Rebus ni lo pensó y llevó a un aparte casi a la fuerza a uno de los guardianes, sin empujarle ni utilizar las manos, simplemente situándose a una distancia corta e intimidatoria y avanzando despacio hasta que lo tuvo de espaldas contra la pared de la sala de espera.

—¿Cómo ha traído aquí a los niños? —le espetó.

El poco garboso uniforme del joven guardián era magra defensa frente a una persona como Rebus.

—Se negaban a soltarse de la madre y berreaban… —tartamudeó el guardián.

Rebus volvió la cabeza y miró a la madre sentada con los dos niños abrazados, abrazada a su vez por la amiga del chal en la cabeza del centro de detención. Ninguno prestaba atención a la escena; sólo el niño le miraba fijamente.

—El señor Traynor pensó que era mejor dejarles venir.

—Podían haberse quedado en la furgoneta —replicó Rebus, que había visto en la calle un coche celular azul con barrotes en las ventanas y una rejilla divisoria entre la cabina de conducción y los bancos de atrás.

—Es que no se soltaban de la madre…

Se abrió la puerta y entró otro guardián de más edad con una carpeta, y tras él, la figura en bata blanca de Bill Ness, director del depósito. Ness tenía cincuenta años cumplidos, llevaba gafas de Buddy Holly y, como de costumbre, masticaba chicle. Se acercó a la familia y ofreció el paquete recién abierto de goma de mascar a los niños, que se apretaron aún más contra su madre. A la izquierda de la puerta estaba Ellen Wylie en calidad de testigo del acto de identificación. No esperaba encontrase allí a Rebus, puesto que él le había dicho que se ocupara ella.

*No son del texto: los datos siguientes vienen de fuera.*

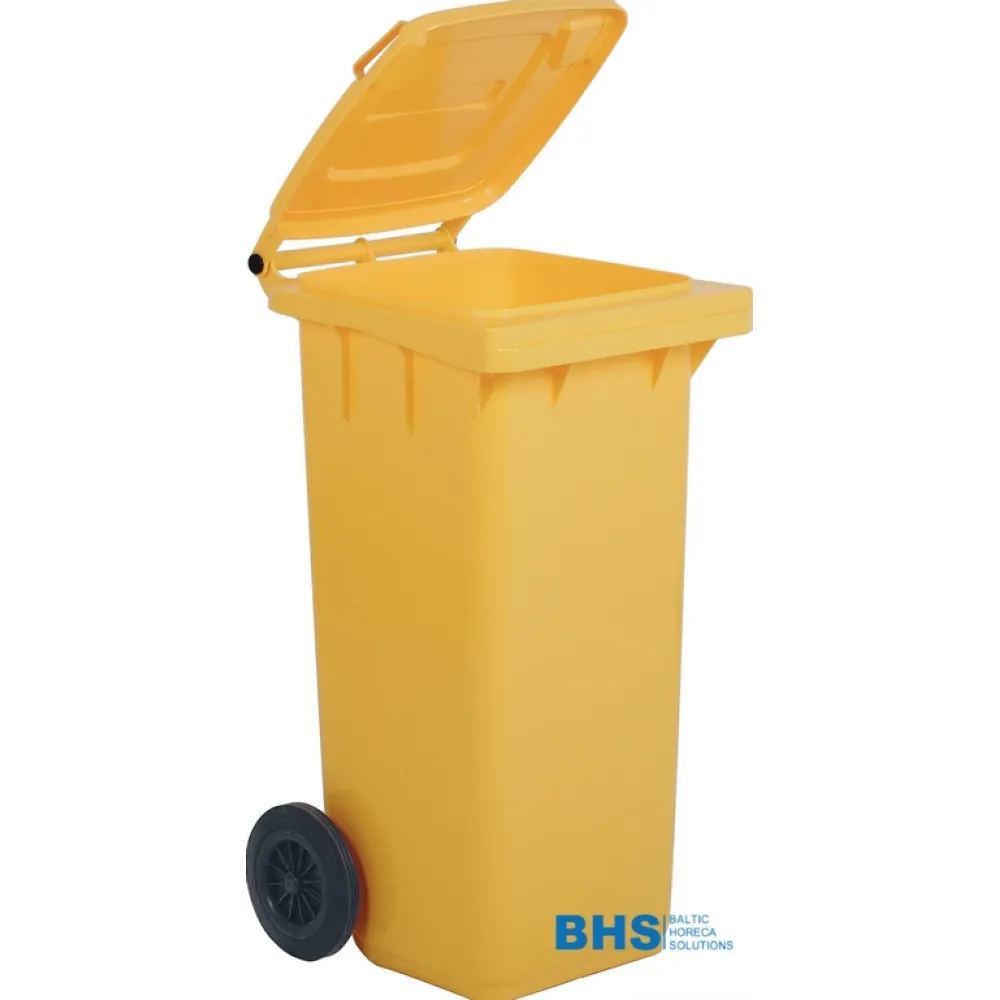Kollane jäätmete konteiner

—¿Todo en orden? —preguntó el guardián mayor a Rebus.

—Guai —contestó él retrocediendo unos pasos.

—Señora Yurgii, cuando usted quiera —dijo Ness muy amable.

Ella asintió con la cabeza y trató de ponerse en pie, pero tuvo que ayudarla su amiga. La mujer puso ambas manos en la cabeza de sus hijos.

—Yo me quedo con ellos si quiere —dijo Rebus.

Ella le miró y susurró algo a los niños, que le agarraron con más fuerza.

—Vuestra mamá estará sólo unos minutos ahí dentro —dijo Ness señalando la puerta.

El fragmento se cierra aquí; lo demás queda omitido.